The government’s “snapback” strategy has finally snapped. Gone is the Keynesian language about the benefits of the largest stimulus package in Australian history, when jobkeeper was announced in March. Tuesday’s National Press Club address by the prime minister, Scott Morrison, makes clear that his government has returned to austerity, victim blaming and cliches.
Like a lost driver claiming to have deliberately taken the scenic route, Scott Morrison is desperate to make a fiscal virtue out of the Australian Tax Office’s $60bn administrative error. Just last week, the Treasury secretary, Steven Kennedy, was assuring the Senate that the unprecedented size of the government’s fiscal stimulus package was appropriate, given the unprecedented size of the recession we are headed into. But this week, after learning that jobkeeker was only providing half of the stimulus he had promised, Morrison is pretending that he never really wanted to spend the full $130bn on jobkeeper anyway.
The underspend on jobkeeper is based on two entirely unrelated errors, but Morrison is now banking on Treasury having made a third – even bigger – mistake. Let’s look at them one by one.

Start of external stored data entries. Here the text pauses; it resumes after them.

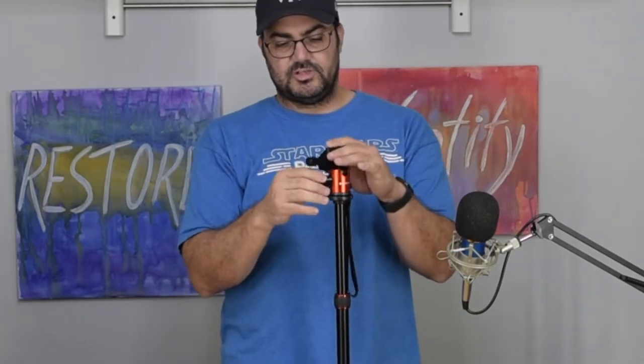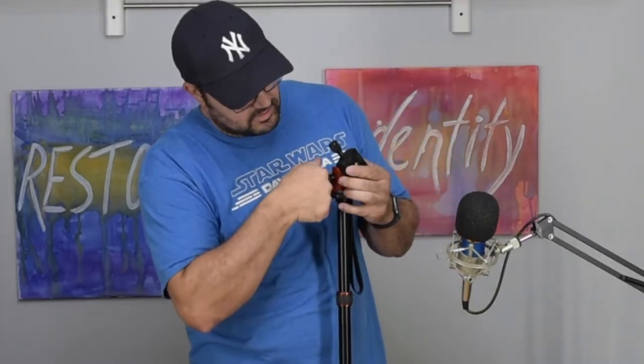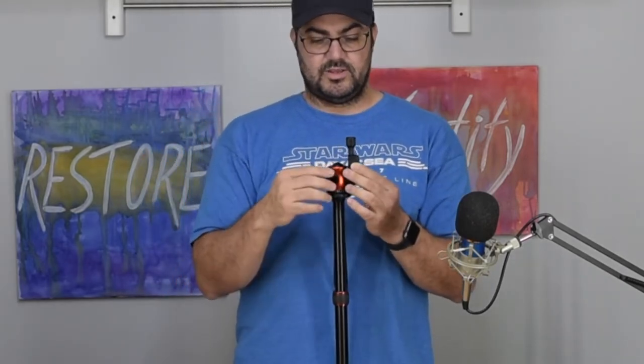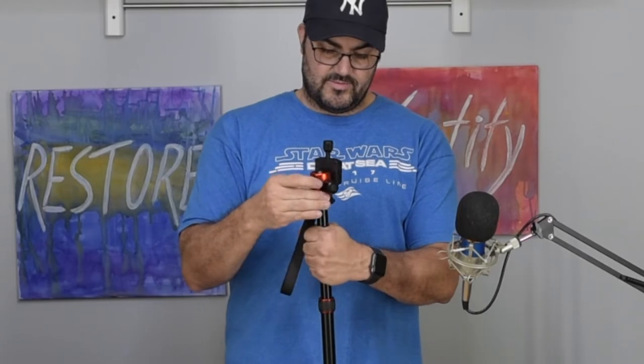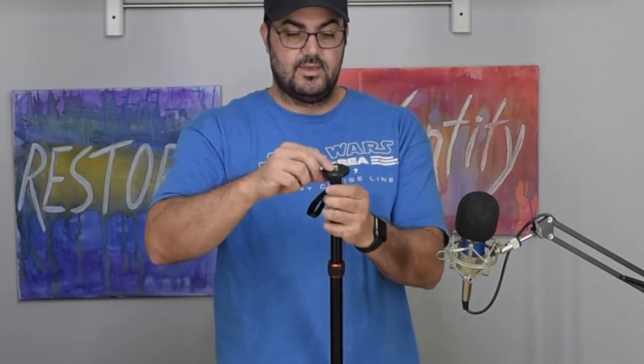This right here loosens up the head — it's nice and tight, metal or aluminum. And it goes to 90 degrees, which I like. This right here is for the video head, which can be removed.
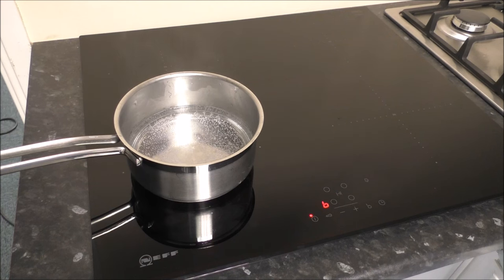This is the advantage of induction — it's very, very quick to heat up. You do need to make sure you've got certain pans. To try the pans, just get a magnet and put it underneath. If it does stick to it, then you can use them on induction. And there we go — that's how quick an induction hob will boil water.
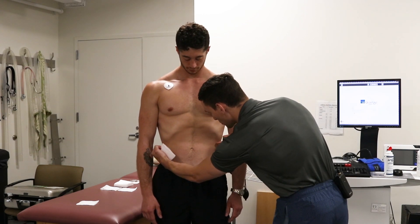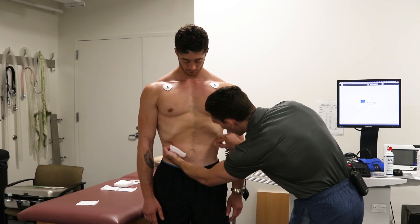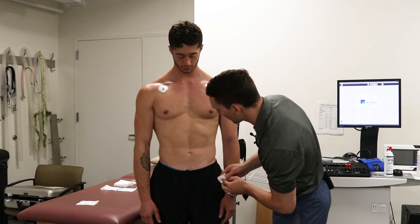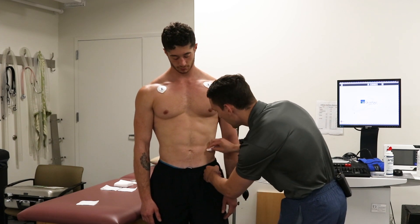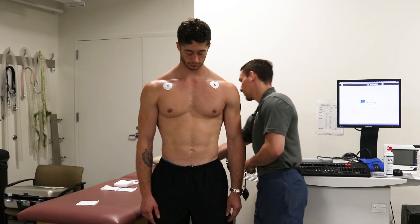We'll palpate those spots, looking for just the very bottoms of the ribs, going slightly below to make sure we're not over any bone. We're going to wipe with our alcohol first and then our clean gauze. Once again you can ask them to relax, look for those red spots from the abrasion, and place your electrodes.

The first mistake was the original costing of jobkeeper by Treasury, which predicted more than six million workers would benefit from the payment. As I’ve said before, the numbers never looked right. With less than 14 million people in the entire labour force, the decision to exempt most casuals and temporary visa holders from the jobkeeper scheme meant that Treasury was predicting nearly half the eligible workforce would have qualified for a wage subsidy. Given that no one was predicting more than two million job losses, this meant that only three things were possible:
1. The recession was going to be far deeper than Treasury’s 10% forecast.
2. We were going to give an enormous amount of public money to companies that had no intention of standing down most of their staff.
3. The program would be massively underspent.
I put my money on it being number two, and a bit of three. My colleague, Jim Stanford at the Centre of Future Work, went for a lot of three and a bit of two. Treasury was way off.
The next error was made by the ATO, and it is worse in many ways. Forecasting is hard at the best of times and February was not the best of times. But once the jobkeeper cash started to flow out of the government’s bank accounts and into employers bank accounts, the forecasting stopped and the counting should have begun. Time will tell how it happened but, to be clear, the ATO’s error was that it had no idea how much money it was actually spending. In an incredible coincidence or cock-up, the wrong number they came up with happened to be about the same as Treasury’s flawed forecast.
And now, Morrison is not just betting his credibility, but the livelihood of millions of Australians, on the belief that his Treasury has made a third error about the size of the recession Australia is heading for.
Both the Treasury and the Reserve Bank of Australia (RBA) have forecast that Australia’s GDP will be 10% smaller by September than it was in December last year. To put that fall into context, the 1991 recession saw GDP fall by less than 1.5%. If recessions were a wave, then the one heading towards us now is expected to be seven times higher than the last one to hit us. If Treasury’s forecast is a bit out and GDP “only” falls by 8% then the recession will “only” be five times worse than 1991.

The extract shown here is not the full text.